Facebook: three priorities for the next decade

  • ECO News
  • 8 November 2016

Mike Schroepfer, Facebook’s CTO, has started off the first day of the Web Summit and mentioned the three priorities the company has for the upcoming ten years.

Mike Schroepfer, Facebook’s CTO, has come to Lisbon to talk about the future: “Are you ready? Let’s do this”, was the challenge he made in the main stage of the Web Summit. The Facebook chief technology officer has shared the ten-year goals for one of the most powerful companies in the world. “These are the major problems we are trying to solve for the future”, he emphasized.

This is the future: the possibility to connect with people we care about even if they are away. That is why I am so excited about the future.

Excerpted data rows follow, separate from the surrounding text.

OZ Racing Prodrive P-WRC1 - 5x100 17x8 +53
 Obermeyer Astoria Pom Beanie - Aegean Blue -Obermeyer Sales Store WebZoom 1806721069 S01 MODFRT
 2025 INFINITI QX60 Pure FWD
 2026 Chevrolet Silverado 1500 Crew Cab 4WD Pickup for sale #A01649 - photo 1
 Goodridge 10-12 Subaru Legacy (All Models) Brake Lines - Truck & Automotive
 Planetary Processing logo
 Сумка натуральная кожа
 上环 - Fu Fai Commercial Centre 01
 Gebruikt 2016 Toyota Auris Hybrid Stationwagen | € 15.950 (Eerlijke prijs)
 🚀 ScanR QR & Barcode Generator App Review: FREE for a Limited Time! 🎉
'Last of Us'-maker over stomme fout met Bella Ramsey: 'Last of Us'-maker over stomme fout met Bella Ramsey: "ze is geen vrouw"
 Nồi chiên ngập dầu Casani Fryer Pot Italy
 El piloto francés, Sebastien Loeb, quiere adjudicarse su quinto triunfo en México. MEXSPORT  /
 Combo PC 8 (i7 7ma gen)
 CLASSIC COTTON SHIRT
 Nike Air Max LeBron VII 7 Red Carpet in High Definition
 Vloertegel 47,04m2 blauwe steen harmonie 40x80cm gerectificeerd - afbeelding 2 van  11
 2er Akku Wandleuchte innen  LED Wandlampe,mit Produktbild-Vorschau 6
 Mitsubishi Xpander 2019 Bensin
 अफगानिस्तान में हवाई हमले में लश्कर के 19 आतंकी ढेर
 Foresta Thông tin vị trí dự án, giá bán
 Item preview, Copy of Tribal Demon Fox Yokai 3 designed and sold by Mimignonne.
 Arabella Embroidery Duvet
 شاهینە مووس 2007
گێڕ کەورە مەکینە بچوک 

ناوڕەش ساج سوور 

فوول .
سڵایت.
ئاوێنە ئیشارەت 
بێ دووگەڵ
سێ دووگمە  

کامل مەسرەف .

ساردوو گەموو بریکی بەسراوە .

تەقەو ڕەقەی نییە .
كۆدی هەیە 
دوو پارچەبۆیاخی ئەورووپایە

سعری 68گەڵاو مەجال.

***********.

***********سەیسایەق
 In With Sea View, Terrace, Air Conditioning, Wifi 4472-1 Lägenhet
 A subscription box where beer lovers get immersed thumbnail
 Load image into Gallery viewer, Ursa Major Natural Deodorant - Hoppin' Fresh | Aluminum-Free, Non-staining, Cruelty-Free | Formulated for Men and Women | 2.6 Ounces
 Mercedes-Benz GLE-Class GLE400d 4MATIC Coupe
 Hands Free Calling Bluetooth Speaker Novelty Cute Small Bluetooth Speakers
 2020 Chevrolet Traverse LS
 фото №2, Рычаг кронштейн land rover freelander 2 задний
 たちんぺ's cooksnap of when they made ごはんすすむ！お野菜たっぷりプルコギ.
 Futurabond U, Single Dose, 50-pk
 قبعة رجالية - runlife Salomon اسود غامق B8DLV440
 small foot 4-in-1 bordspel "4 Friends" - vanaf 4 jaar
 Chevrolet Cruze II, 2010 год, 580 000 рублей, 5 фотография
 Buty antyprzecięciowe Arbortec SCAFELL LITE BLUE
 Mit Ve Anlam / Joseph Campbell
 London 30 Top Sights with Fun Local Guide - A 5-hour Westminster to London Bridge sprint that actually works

Mike Schroepfer, Facebook’s CTO
  1. Connect people who have no internet. “There are around 1.4 bilion people around the world who do not have access to the internet and what we want is for them to be able to join this conversation”, Schroepfer said. With internet access, Facebook’s CTO believes that anyone can be a HD video broadcaster. “Connections happen so quickly among people from all around the world. We must give a voice to people who don’t have a place in everyone else’s conversations”, he assures. Open compute project or Telecom infra project are some of the examples that depict this process.
  2. Artificial intelligence. Over the last couple of years, Facebook has been working on projects connected to artificial intelligence. Every day, the world shares two million pictures via Facebook; Mike says that amount reveals a “revolution in computing and computers, which now even allows for someone who cannot see to be able to share as well and communicate through Facebook, thanks to the power of artificial intelligence”.
  3. Virtual reality. In just 30 seconds, we are present and then we are not. “This feeling of being present” is the main characteristic of virtual reality, another field Facebook will be developing within the next decade. “We are suddenly on the top of a building about to collapse, or in a family home in a distant country”, he explains. But the challenge here is different: “How can we bring virtual reality into the world? How can we make this technology cheaper and more available for everyone?”, Schroepfer wonders. To that end, Facebook has been developing projects such as Oculus rift, gearVR and Standalone. “With this kind of technology we believe we can bring virtual reality to the masses”, he explained to his audience of 9,000 people, according to the Web Summit organizers.